Studio provides place for creativity, artistic experimentation with family members

Wild at Art supplies space for children to bond with parents through spooky art



Julia Branen, 16, captures the attention of many attendees with her beautiful paint work,. She claims that she draws in her free time but rarely plays with paint on Saturday morning, at the Moscow Wild at Art.

RACHEL KOCH, Evergreen reporter

The occasional hairdryer whirred over wet paint as children and parents worked on painting canvases together Saturday afternoon at Wild at Art.

The families were there for the business’s Kids, Cocoa & Canvas event, hosted by co-owners Donald Stanziano and Joan Hofmann.

The event was Halloween-themed for the spooky season.

“We’ve been doing this for years,” Stanziano said. “We always like to do something around Halloween for kids and families because it becomes a family activity.”

Stanziano said he printed an image of a haunted house for participants to recreate by painting it onto a canvas.

He instructed the attendees to paint the background on the canvas first, let the paint dry and lastly, paint the foreground. To speed up the drying process. Stanziano provided hairdryers.

“I’ve got a sequence,” Stanziano said. “I’m not doing a brushstroke-by-brushstroke approach to this.”

Wild at Art also provided snacks, orange juice and hot cocoa for participants while they painted.

One of the participants, Ashli Amos, came with her daughter.

“This is the first event [hosted by Wild at Art] we’ve been to,” Amos said.

However, Amos added that she has visited the studio before.

Julia Branen, Moscow resident, also attended Kids, Cocoa & Canvas.

Branen’s only previous art experience comes from drawing at home and she said she has never taken any studio classes.

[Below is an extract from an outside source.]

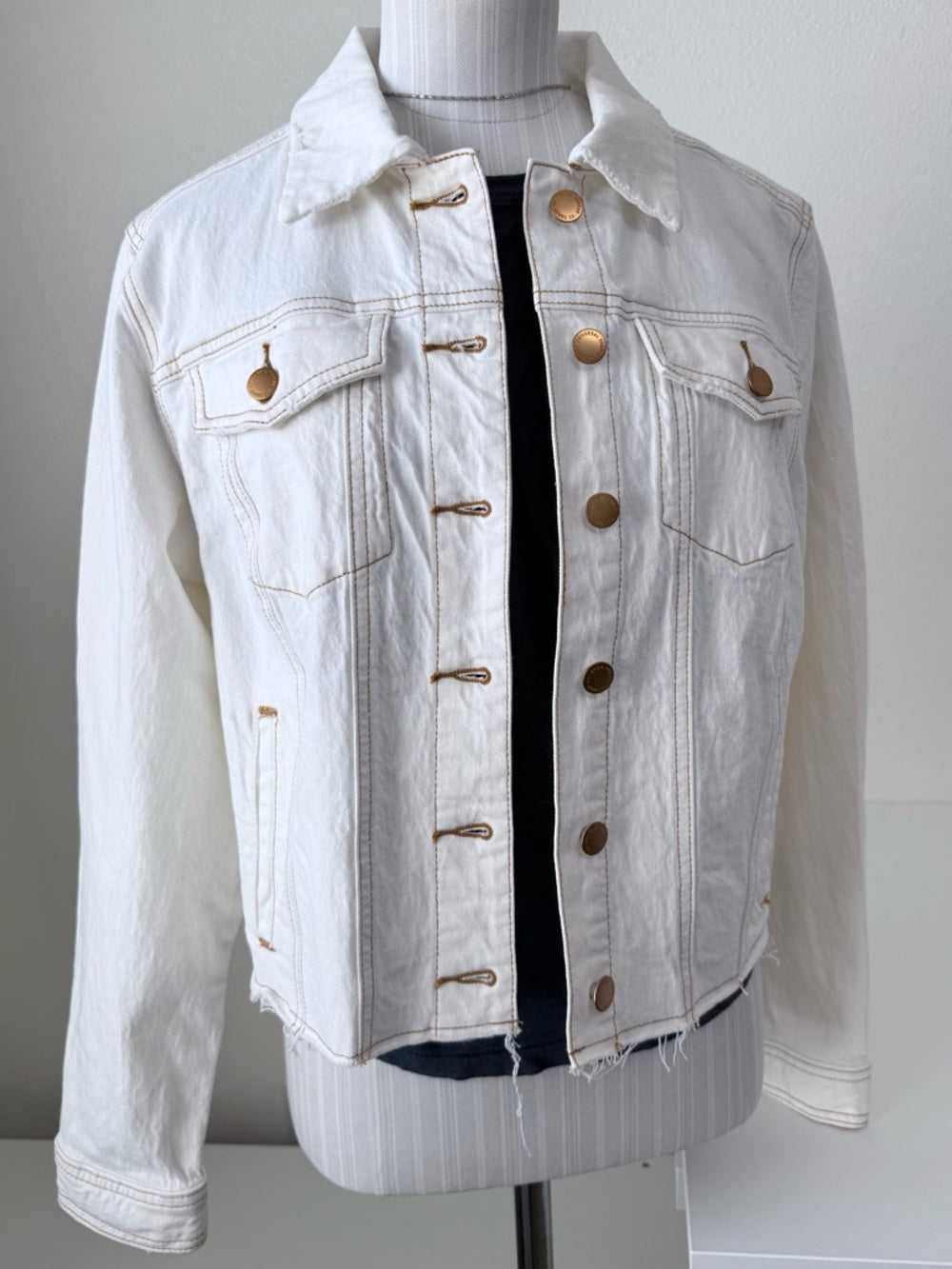 Women's Denim Cropped Trench Jacket - Universal Thread Off-White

“I don’t really do a lot of painting,” she said. “I’m more used to drawing in pencil, so this allows me to try a new medium.”

Nonetheless, her artwork drew in admirers throughout Wild at Art.

Like Amos, Branen has been to Wild at Art but has never attended Kids, Cocoa & Canvas. However, Branen sees herself coming back in future years, she said.

“I like how it has a guide for you if you’re a little lost, but also you can be creative and do your own kind of thing,” Branen said.

Kids, Cocoa & Canvas provides a friendly, welcoming space free from judgment, Stanziano said.

“This is one of the safest environments for them to express their creativity,” he said.

Many of the beginner-level projects available at Wild at Art are forgiving, Stanziano said.

“You could paint a small coaster or trivet and simply put dots on it,” he said. “When it gets glazed and it gets fired, it’s going to be shiny and lovely. People are going to say, ‘Oh, I didn’t know I could do that.’”

Co-owner Hofmann founded Wild at Art in 2005, said her husband, Stanziano.

Stanziano said Hofmann started the business shortly after moving to Moscow from the Bay Area.

“Her three kids, they weren’t all that winter sports-oriented. They were very artsy, and there was no opportunity like this,” he said. “She thought, ‘This would be a nice opportunity, not just for my kids but for other families.’”

What makes Wild at Art enjoyable for people is that it encourages conversation and creative expression, Stanziano said.

“You can paint whatever you want,” he said. “You can paint a dinosaur for all I care.”

Wild at Art is open from noon to 7 p.m. Wednesday through Saturday and from noon to 5 p.m. on Sunday at 118 E. Third St. in Moscow.